Starting a Spark cluster

This section contains expanded instructions for starting a Spark cluster. Basic start operations are described in the Quick start section.

Attention!

A started Spark cluster statically occupies the resources allocated to it. So, it is recommended that the cluster be started in a separate computational pool with guaranteed resources. It makes sense to use one cluster for the command, and recycle the resources among several users. It is recommended to use direct submitting when it is not planned to run Spark tasks at a high intensity (less than one time in an hour).

Auto-scaler

To save resources of the computational pool if the load is low, a special auto-scaler mode can be turned on in Spark, which proportionally decreases the resources used.

How it works

The operation YTsaurus has an update_operation_parameters method that enables the operation parameters to be changed. The number of jobs in the operation can be changed via the user_slots parameter. When the parameter is changed, the scheduler stops some of the jobs, or launches new ones (within the limit specified at the start of the operation). Since the scheduler believes that all jobs in the operation are the same, this scaling method, performed in the regular mode in Spark, could lead to loss of the master or the history server, as well as of workers that Spark job drivers are being performed for. To prevent disruptions to the Spark cluster's operation, it is started not as a single YTsaurus operation, but as several. This way, one operation is allocated to the dynamically changing set of workers, and can scale within the limits configured at the start. In one or two other operations, a master and history-server (one operation), or a driver (when drivers are launched on the cluster, two operations) are performed.

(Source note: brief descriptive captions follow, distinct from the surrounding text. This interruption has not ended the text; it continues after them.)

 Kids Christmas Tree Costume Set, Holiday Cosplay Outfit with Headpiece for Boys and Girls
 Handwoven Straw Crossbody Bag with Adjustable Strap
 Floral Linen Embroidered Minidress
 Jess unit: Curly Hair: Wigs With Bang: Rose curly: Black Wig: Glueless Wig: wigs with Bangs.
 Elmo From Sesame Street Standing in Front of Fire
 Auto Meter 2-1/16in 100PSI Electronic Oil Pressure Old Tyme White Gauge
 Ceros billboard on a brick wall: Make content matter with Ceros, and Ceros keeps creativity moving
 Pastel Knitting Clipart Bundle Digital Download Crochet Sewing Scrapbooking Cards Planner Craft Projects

Starting a cluster with an auto-scaler

Additional parameters are used for the spark-launch-yt launch script, or similar parameters of the SPYT client library.

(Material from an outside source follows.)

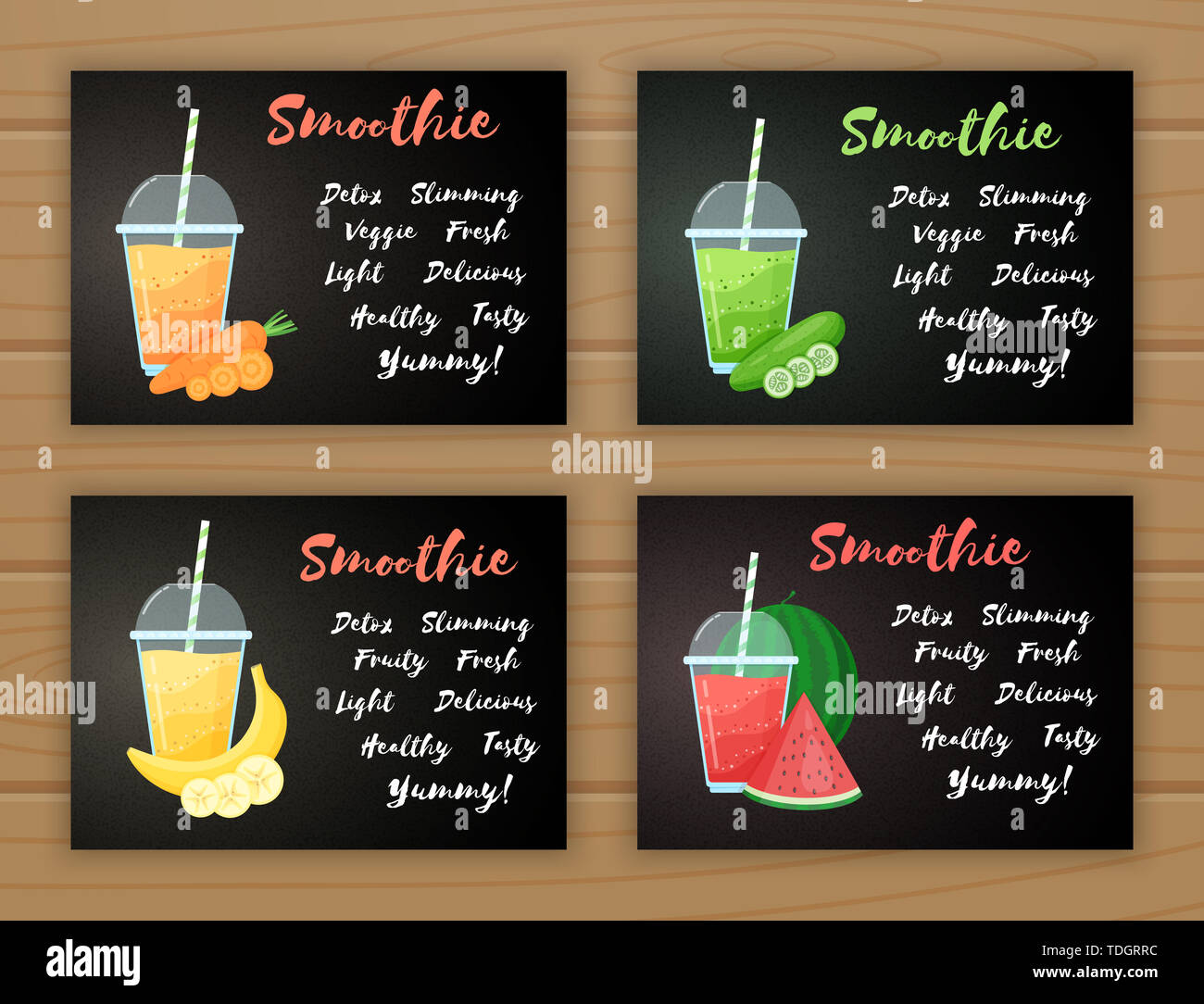 Set of smoothie fruit cocktail flat illustration. Tasty natural fruit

  • The autoscaler-period <period> is the frequency of auto-scaler launches, and (potentially) of changes in the operation settings. The period is programmed in <length><unit of measurement [d|h|min|s|ms|µs|ns]>.
  • enable-multi-operation-mode turns on Spark start mode in multiple YTsaurus operations.
  • enable-dedicated-driver-operation-mode launches workers for drivers in a separate YTsaurus operation.
  • driver-num <number of workers> allocates a certain number of workers for the driver.
  • autoscaler-max-free-workers is the maximum value of free workers (all superfluous workers will be stopped).
  • autoscaler-slot-increment-step is the increment in which the number of workers is increased when the cluster is automatically expanded.

Example:

$ spark-launch-yt
--proxy <cluster_name>
--autoscaler-period 1s
--enable-multi-operation-mode
--discovery-path //discovery/path

Updating a cluster

To update a Spark cluster, the following actions must be performed:

  1. Stop the operation with the current cluster in YTsaurus. You can find a link to the operation using spark-discovery-yt.
  2. Start a cluster using spark-launch-yt. The desired version can be specified in the spark-cluster-version argument. If no version is specified, the last version will be started.